What is the challenge?

Risk management makes possible risks in the company transparent and aims to minimize them. Risk management encompasses complex processes for identifying, analyzing, qualitatively and quantitatively evaluating, assessing, communicating and managing business risks. However, to make these processes successful, companies have to process an enormous amount of dynamic information, internal specifications and external standards and legislation.

What data can help?

  • Case-specific variables (probability, magnitude, controllability and vulnerability)
  • Risk focus (own financial stability, external image)
  • Internal key figures (sales development, return on sales, free credit lines, creditworthiness of customers, bid success rate, dependence on customers and suppliers, replacement of assets)
  • External key figures (interest rates, currency developments, business climate index, number and content of press releases)
  • Property risks (number of fire incidents and earthquakes)
© Shutterstock
Use case category: risk management

How can companies use their data?

Data-based support for risk management optimizes the information basis of management decisions. The processing and analysis of data happens automatically and is thus less prone to errors. The human capabilities of analyzing and evaluating risks are thus significantly enhanced. Another benefit is the ability to use forecasts and predictions of risk situations as an early warning system. 

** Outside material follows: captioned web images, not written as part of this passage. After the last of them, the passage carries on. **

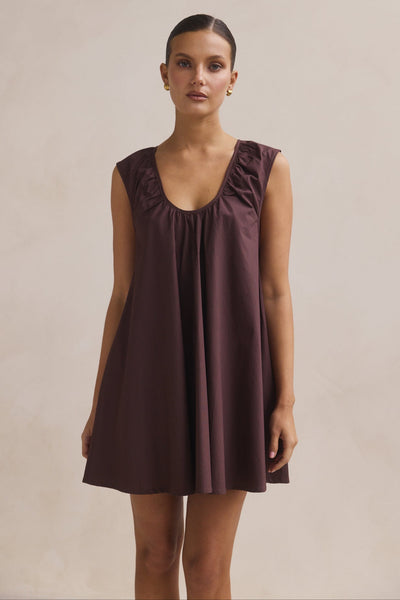 Helena Mini Dress (Chocolate)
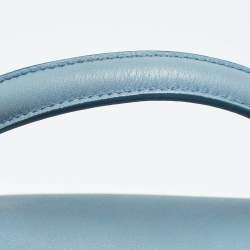 Pre Owned Dolce & Gabbana Light Blue Leather Padlock Top Handle Bag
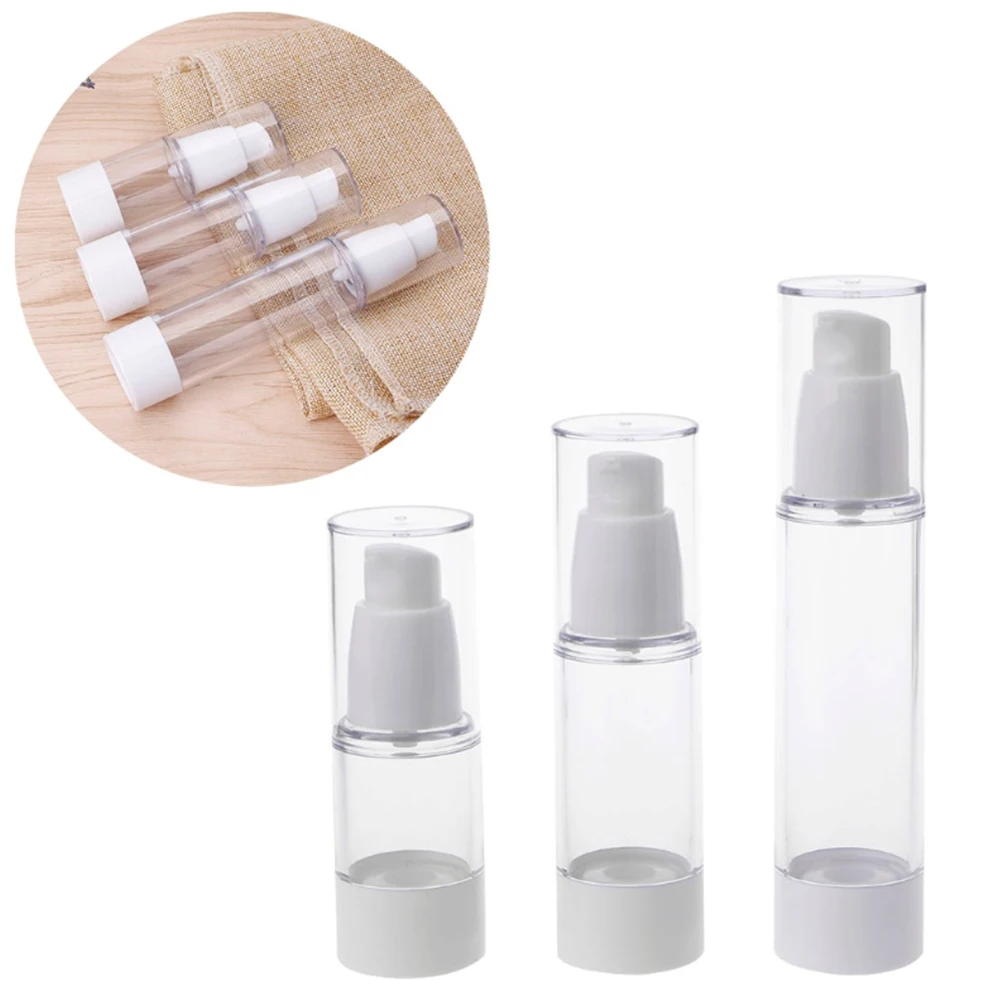 

10pcs x 15ml 30ml 50ml Empty Plastic Cosmetic Bottle Travel Liquid Bottles Transparent Airless Pump Vacuum Toiletries Container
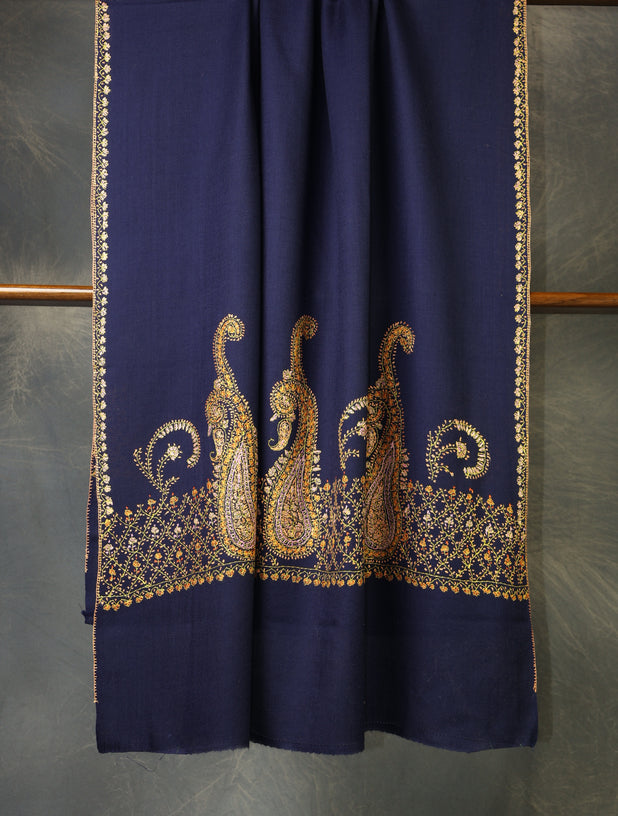 Navy Blue Base Border Embroidery Merino wool Shawl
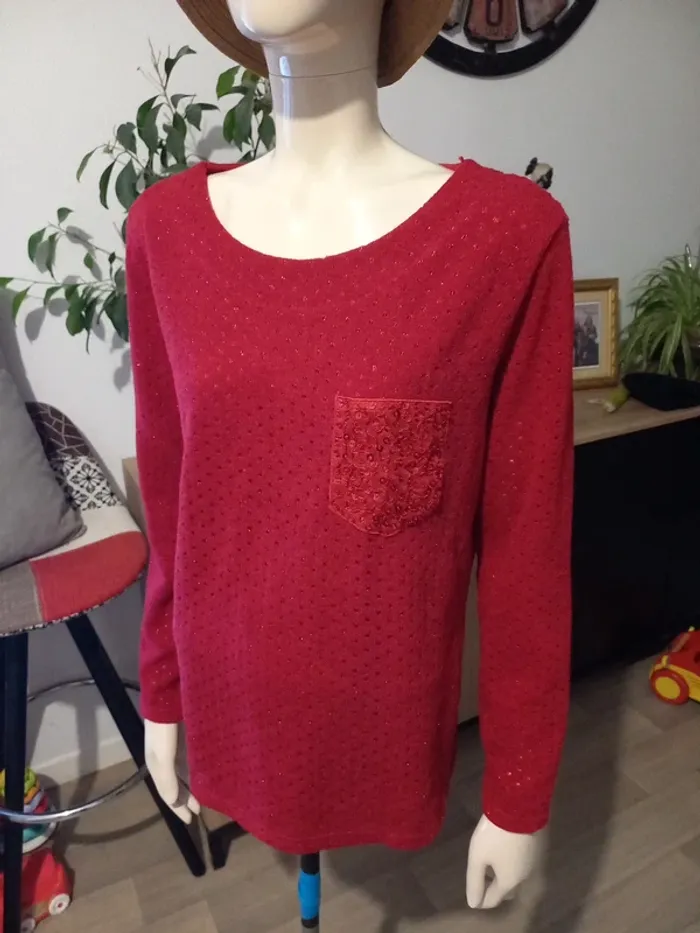 Pull femme bordeau T. 42 - photo numéro 2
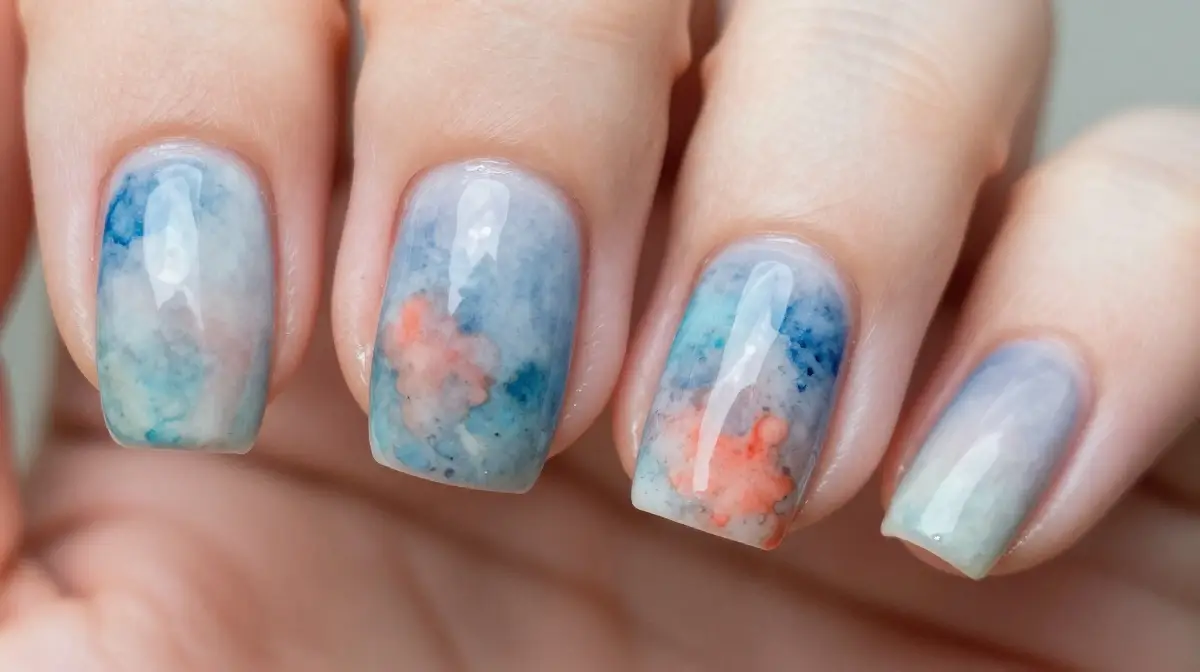 Watercolor Effect Nails
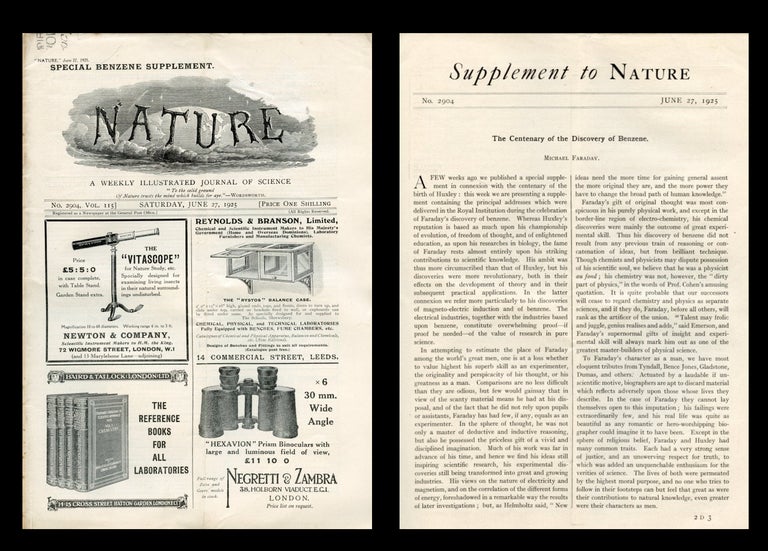 Item #1533 The Centenary of the Discovery of Benzene in Nature No. 2904, Vol. 115, June 27, 1925 [100 YEAR SPECIAL SUPPLEMENT, FARADAY'S DISCOVERY OF BENZENE]. Michael Faraday.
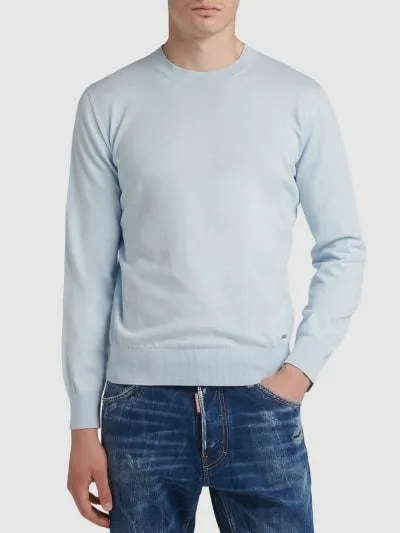 D SQUARED2  |Crew Neck Pullovers Fine Gauge Long Sleeves Plain Cotton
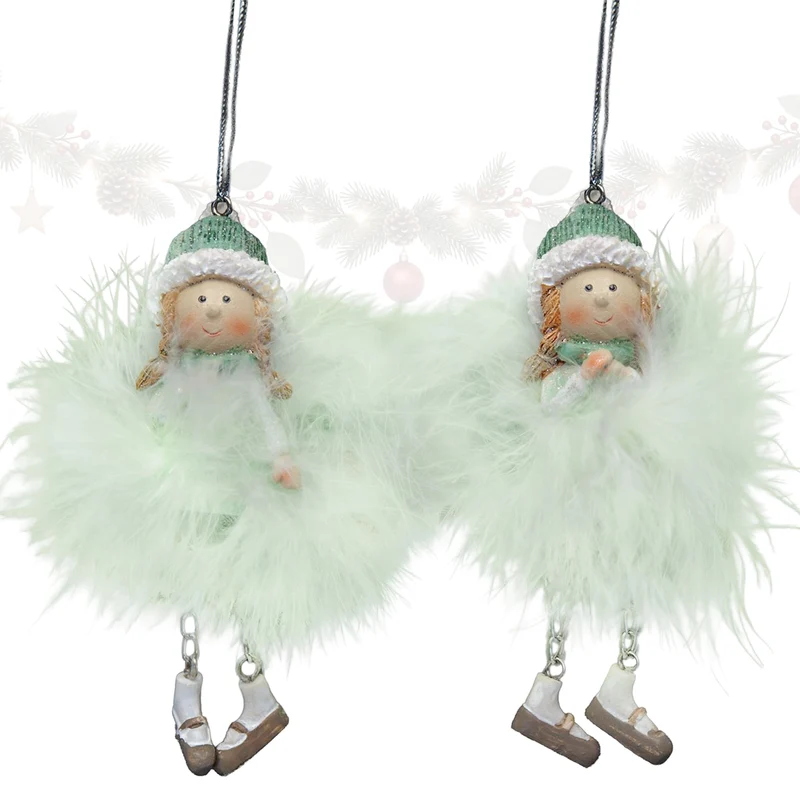 Engel-Anhänger mit Federn Mintgrün-Silber, 11 cm, 2er-Set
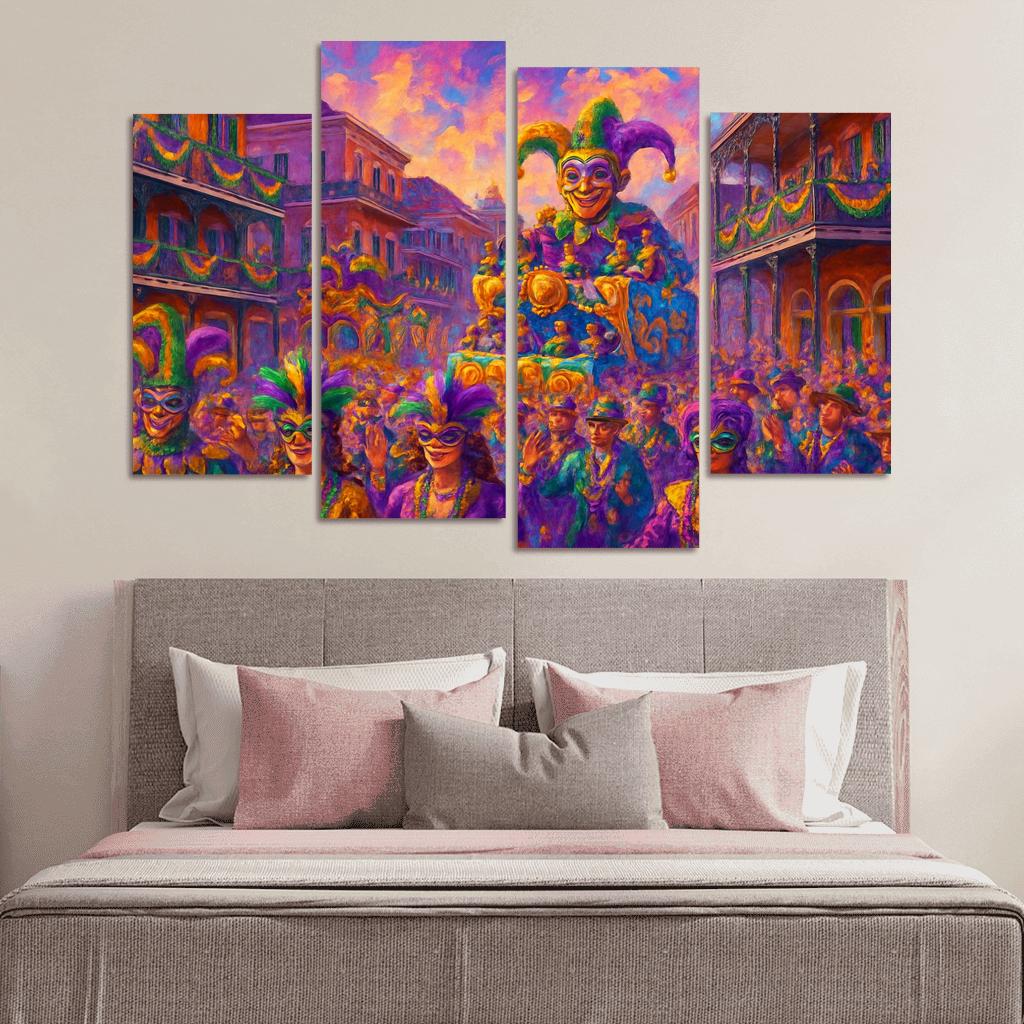 Mardi Gras Festival New Orleans multi-panel paintings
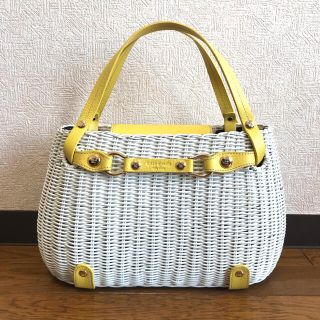 ケイトスペードニューヨーク(kate spade new york)のケイトスペード かごバッグ ハンドバッグ レザー 籐 白 黄色(かごバッグ/ストローバッグ)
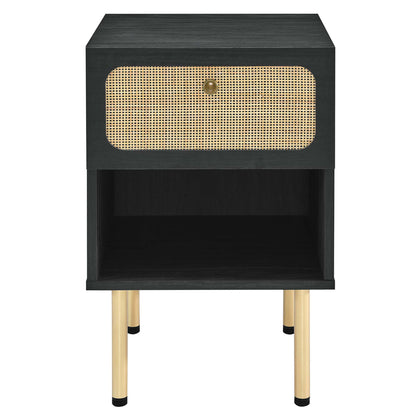 Black wood nightstand with a cane-front drawer, brass knob, open lower shelf, and light wood legs.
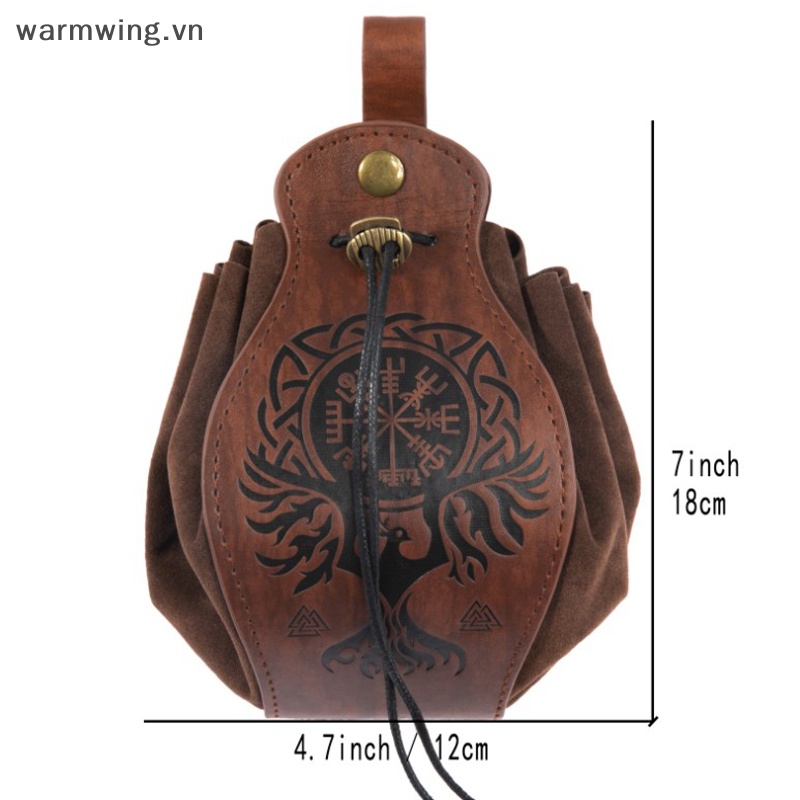 Túi Dây Rút Đựng Tiền Xu Phong Cách Steampunk Viking Dành Cho Nam Và Nữ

Where is this use of data already being applied?

Advisen offers consulting services in cyber risk management. Based on an extensive database, patterns are identified and risk analyses are driven. Companies can buy these insights to improve their decisions and minimize risks.

Chemical company BASF uses data to use resources sustainably and avoid environmental risks. It does this by analyzing weather data, plant health and soil condition data, and market prices.

Sporting goods manufacturer Adidas uses an advanced analytics team to provide data-driven support for management in making business decisions across all areas of the company and to avoid risks from bad decisions.

Insurance company Münchner Re uses historical data from claims settlements to better calculate the risk of an insurance policy. This also enables better calculation of premium levels and efficiency gains.

How does this use of data contribute to value creation?

When relevant data and methods are used in strategic management, decisions can be made in a more informed manner and risks can be minimized. Value creation changes directly in the improvement and acceleration of risk management processes and indirectly through improved management decisions, which can result in overall increased value creation in the long term.